Reduce development sites. HP is going from 100 to 29 technology centers to develop and maintain internal software code. Previously, having that many work sites required more administrators and subcontractors, resulted in less code uniformity, and limited collaboration.
Shrink the workforce. Cutting back the number of applications and reducing the number of development sites make it possible to cut the I.T. workforce. HP is on track to achieve its goal of trimming the number of I.T. employees from 19,000 to 8,000. The company is also cutting the number of subcontractors by 7,000. HP expects to cut the effort devoted to program maintenance from 80% to 20% of total software spending over five years.

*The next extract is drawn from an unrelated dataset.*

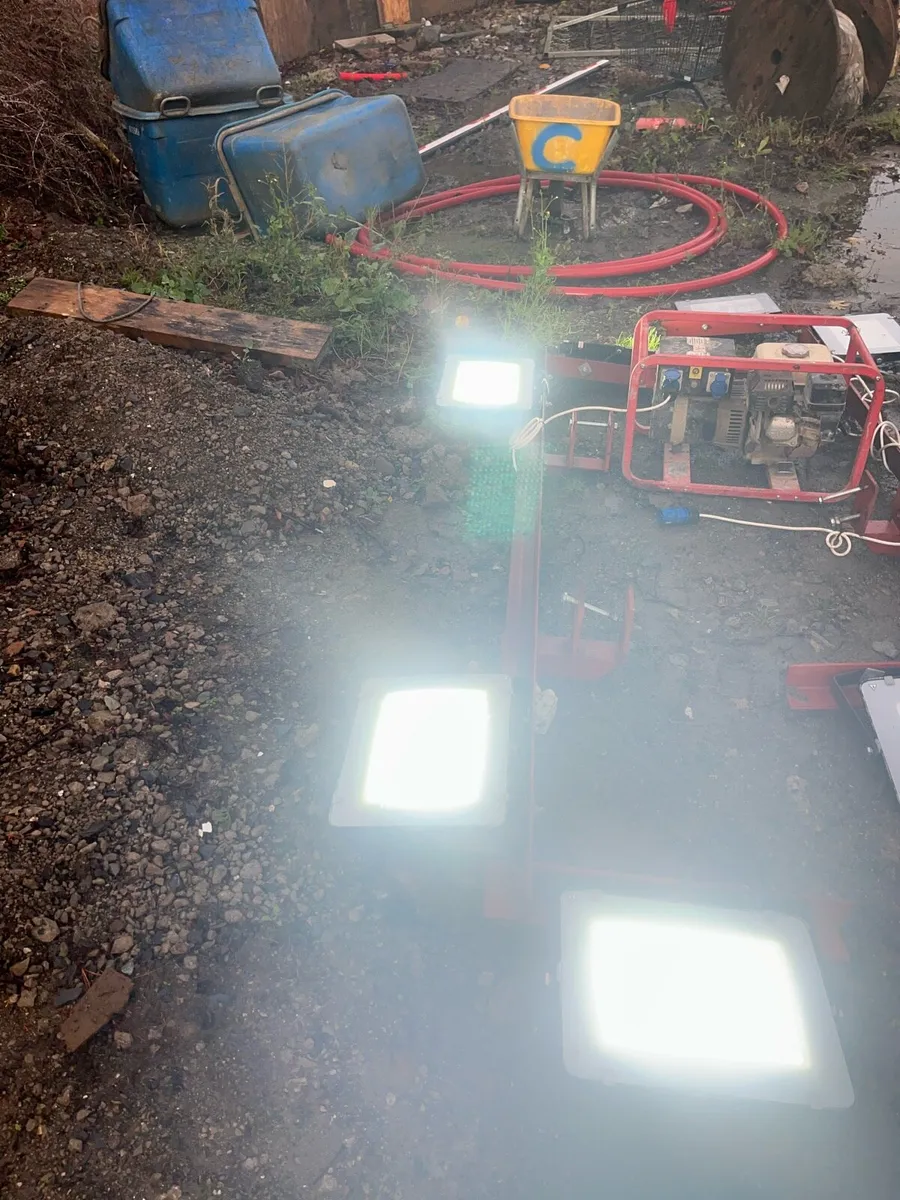 External spot lights - Image 2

Implement an enterprise data warehouse. The crowning achievement will be the creation of a 400-terabyte enterprise warehouse to accumulate data from all applications. Enterprise warehouses that aggregate data across diverse functions—such as finance and logistics—are rare and difficult to implement. That’s because warehouses are usually functional, not cross-functional. HP is taking steps to ensure that data maps into a universally accessible format and is entered only once. The benefits? HP will eliminate 17 diverse database technologies, collapse 14,000 databases and reduce the number of software upgrades needed for separate databases.

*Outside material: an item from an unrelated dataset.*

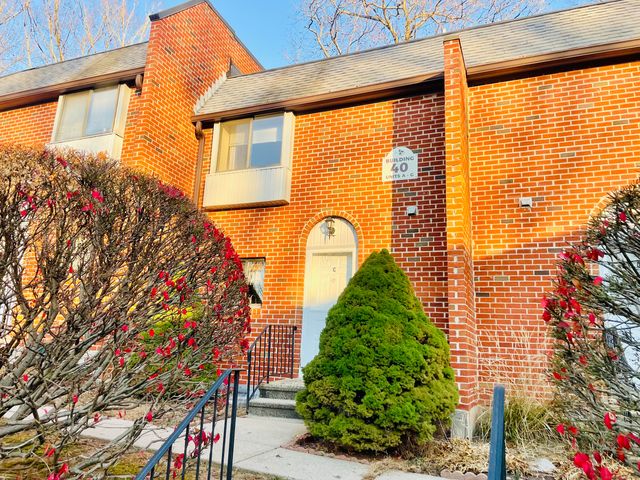 $1,800 | 550 Darling Street, Unit 40C | Southington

Embrace service-oriented architecture. The HP architecture can be characterized by the separation of the supporting delivery infrastructure—processing, data storage and communications—from the applications and the user-managed portal. This design is an example of service-oriented architecture (SOA), where components of the infrastructure can be swapped for new technologies independent of applications. Through the portal, HP staff will be able to submit queries and request reports, without requiring changes to the underlying databases.
Reap the reward. The HP effort is driven by savings from the “upstream” supply chain—the streamlining of the management of inbound materials such as parts and subassemblies. Hard savings in reduced inventory, elimination of obsolete components, and other areas total $1.5 billion for 2004, and $1.4 billion for 2005. The company has also realized improvements such as the percentage of projects delivered on time—which has gone from 81% in 2004 to 95% at present—and value-added per I.T. employee, a ratio of cost reductions per employee versus the cost per employee, from $150,000 in 2004 to $350,000 at present.
Although HP has another two years before its plan is fully implemented, the effort shows what can be achieved by pursuing a broadly conceived approach to I.T. reorganization that simultaneously engages hardware, software and network communications.